Entries supplied below:

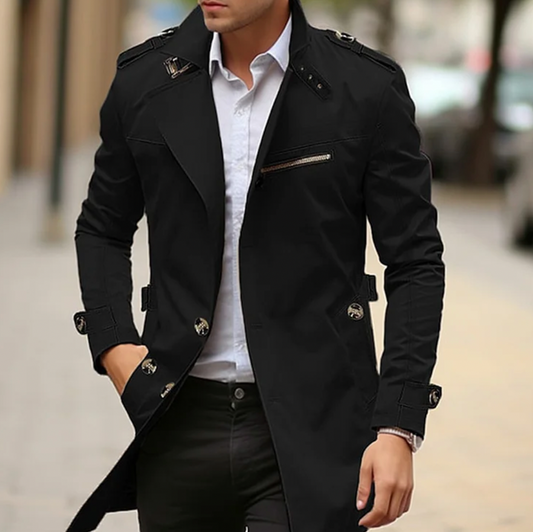Image of Joey | Men's Double-Breasted Long Coat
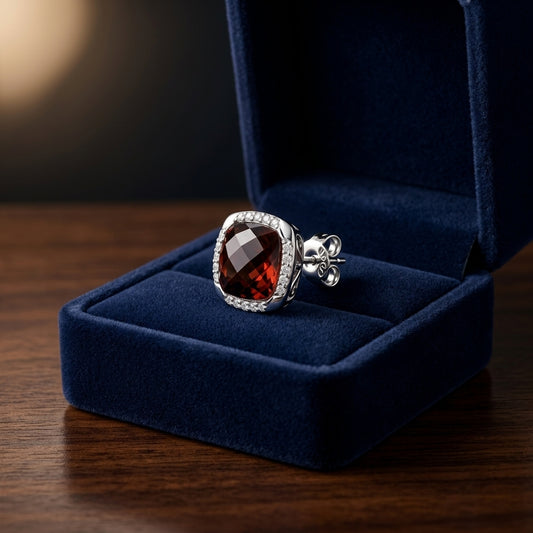 Garnet Cushion And Pave Diamond Earrings In 14k White Gold — gift presentation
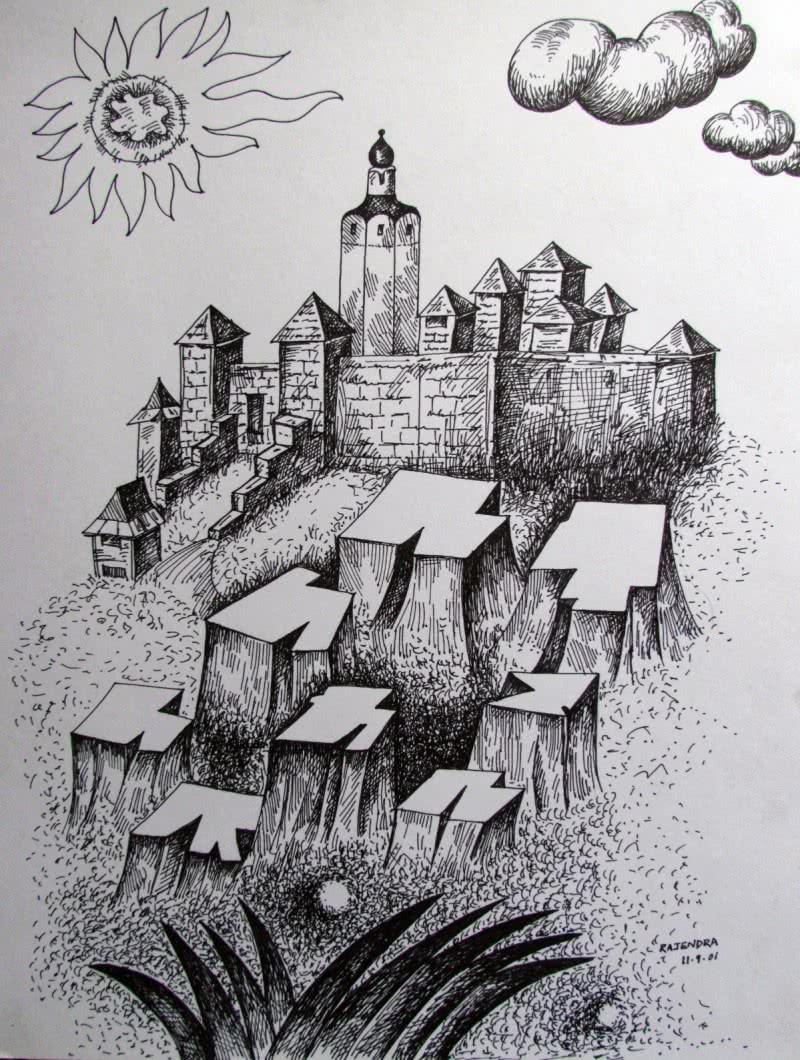 Cityscape ink drawing titled 'Fort', 12x11 inches, by artist Rajendra V on Ivory Paper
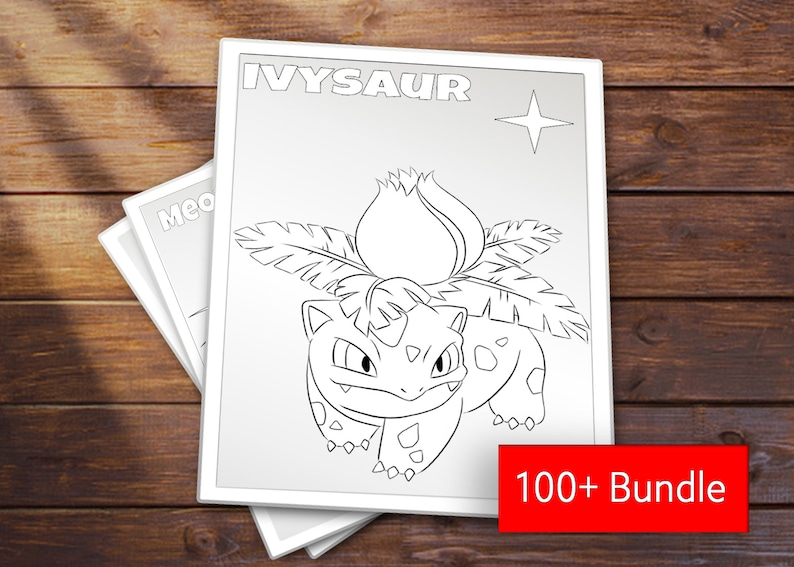 K&ouml;nnte beinhalten: Schwarz-wei&szlig;es Line-Art-Malbild mit dem Pok&eacute;mon Ivysaur. Das Bild zeigt Ivysaur mit seiner charakteristischen Bl&uuml;tenknospe auf dem Kopf und seinen Blattranken. Der Text "IVYSAUR" befindet sich oben auf der Seite und "100+ Bundle" unten.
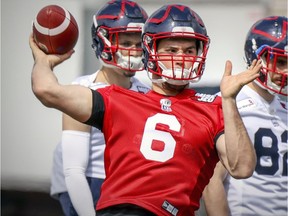 Former Laval Rouge et Or quarterback Hugo Richard throws a pass during first day of Montreal Alouettes rookie camp in Montreal on May 15, 2019.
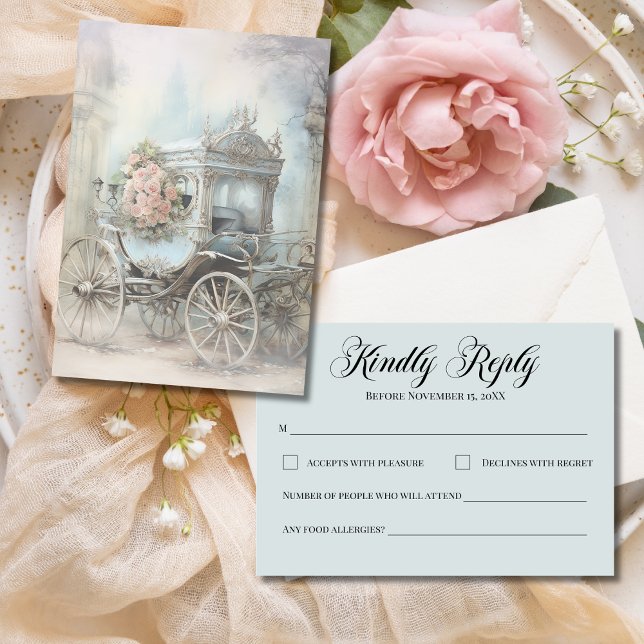 Cartão RSVP Enchanted Floral Carriage Fairytale Wedding Mail (Criador carregado)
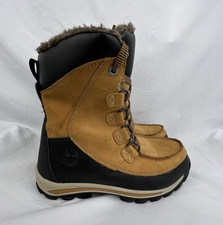 Timberland Youth CHILLBERG WATERPROOF Wheat Nubuck Boots Size 5 Zipper Fleece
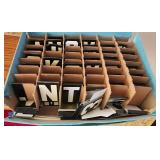 Box of metal tin letters and numbers Hang Style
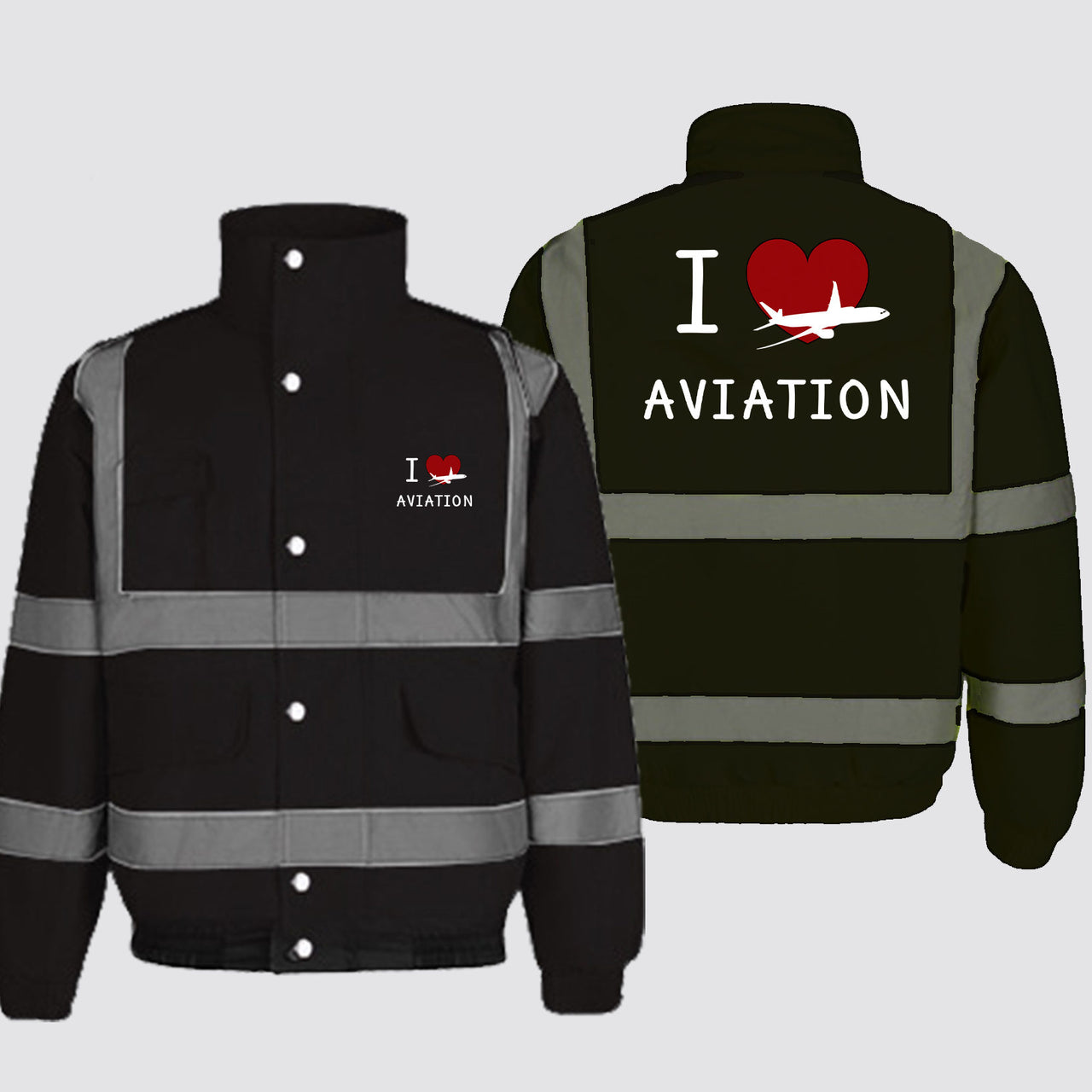 I Love Aviation Designed Reflective Winter Jackets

End of Entries supplied.

| Your assignment |
Starting at the line that contains "Former Laval Rouge" and ending at the line that contains "Cartão RSVP Enchanted", transcribe the material above exactly, excluding pictures.

| Task output |
 Former Laval Rouge et Or quarterback Hugo Richard throws a pass during first day of Montreal Alouettes rookie camp in Montreal on May 15, 2019.
 Cartão RSVP Enchanted Floral Carriage Fairytale Wedding Mail (Criador carregado)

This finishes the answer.